- Directed by: Sameer Vidwans
- Starring: Gashmeer Mahajani; Spruha Joshi; Nirmiti Sawant; Kamlesh Sawant;
- Release date: 11 August 2017;
- Country: India
- Language: Marathi

= Mala Kahich Problem Nahi =

Mala Kahich Problem Nahi is a 2017 Indian Marathi-language drama film directed by Sameer Vidwans and produced by Torque, Filmykeeda Productions. The film stars Gashmeer Mahajani, Spruha Joshi, Nirmiti Sawant and Kamlesh Sawant. It was released on 11 August 2017.

==Synopsis==
Ajay and Ketaki decide to get married in court after the constant clashes of egos between their respective families. Things complicate after their routine lives take a toll on their relationship.

== Cast ==
- Gashmeer Mahajani
- Spruha Joshi
- Nirmiti Sawant
- Kamlesh Sawant
- Vijay Nikam
- Mangal Kenkare
- Sahil Koparde
- Seema Deshmukh
- Arash Godbole
- Snehlata Vasayikar
- Satish Alekar

== Release ==
The film was theatrically released on 11 August 2017. Previously it was set to be released on 28 July 2017.

== Soundtrack ==

Track listing
| No. | Title | Singer(s) | Length |
|---|---|---|---|
| 1. | "Gaaz Yeto Go" | Bela Shende | 3:42 |
| 2. | "Tujyasathi" | Aanandi Joshi, Jasraj Jayant Joshi | 3:55 |
| 3. | "Virlya Kevha" | Abhay Jodhpurkar, Priyanka Barve | 4:32 |
| 4. | "Maunatuni" | Jasraj Jayant Joshi, Shruti Athavale, Jasraj Joshi | 3:32 |
| 5. | "Mala Kahich Problem Nahi" | Avadhoot Gupte and Neeti Mohan | 4:17 |
| Total length: |  |  | 19:18 |

== Reception ==
Ganesh Matkari of Pune Mirror wrote: "The credit should go to the actor as well as the director, Sameer Vidwans. After three well-crafted films, MKPN marks a slight but not serious dip in Vidwans’s career, in a film that shows us his craftsmanship but falls short when delivering the content".

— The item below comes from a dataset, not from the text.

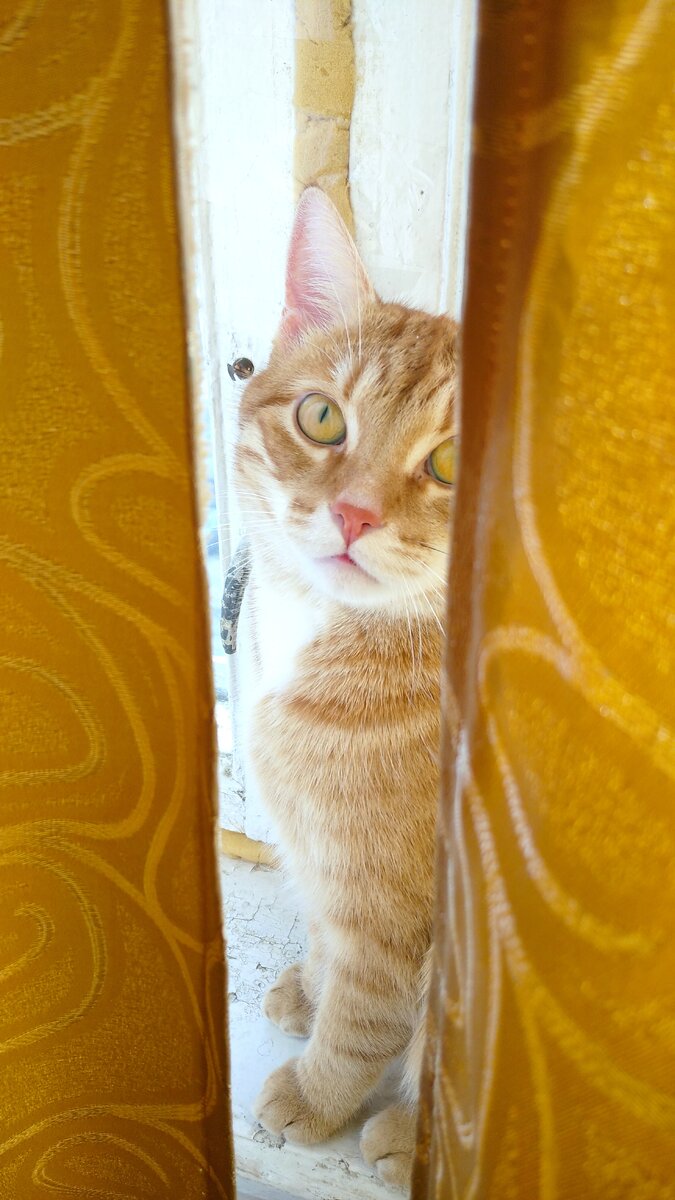 Личное  фото. 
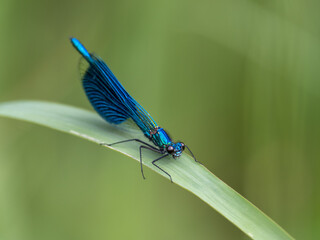 Libelle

Suparna Thombre of Cinestaan.com wrote: "In the last scene, the camera zooms out on Ajay and Ketaki, who are sharing a laugh and a drink, and continues to zoom out of the skyscraper to an aerial view of Mumbai — a metaphor for this being just one of the innumerable urban couples trying to navigate their relationship in a big city. For that reason alone, this film will resonate with many".

A reviewer of Loksatta wrote: "This is a film that tries to present this very important topic related to today's generation in a thoughtful way".

Mukund Kule of Maharashtra Times said: "All the actors in the movie have done a great job. Spruha Joshi has done a convincing job as always. But Gashmir's subdued-looking Ajay is better. Nirvana Sawant, Vijay Nikam, Mangal Kenkare, Satish Alekar, Seema Deshmukh are all renowned actors. So the acting side is great. The photography-music side is also fine".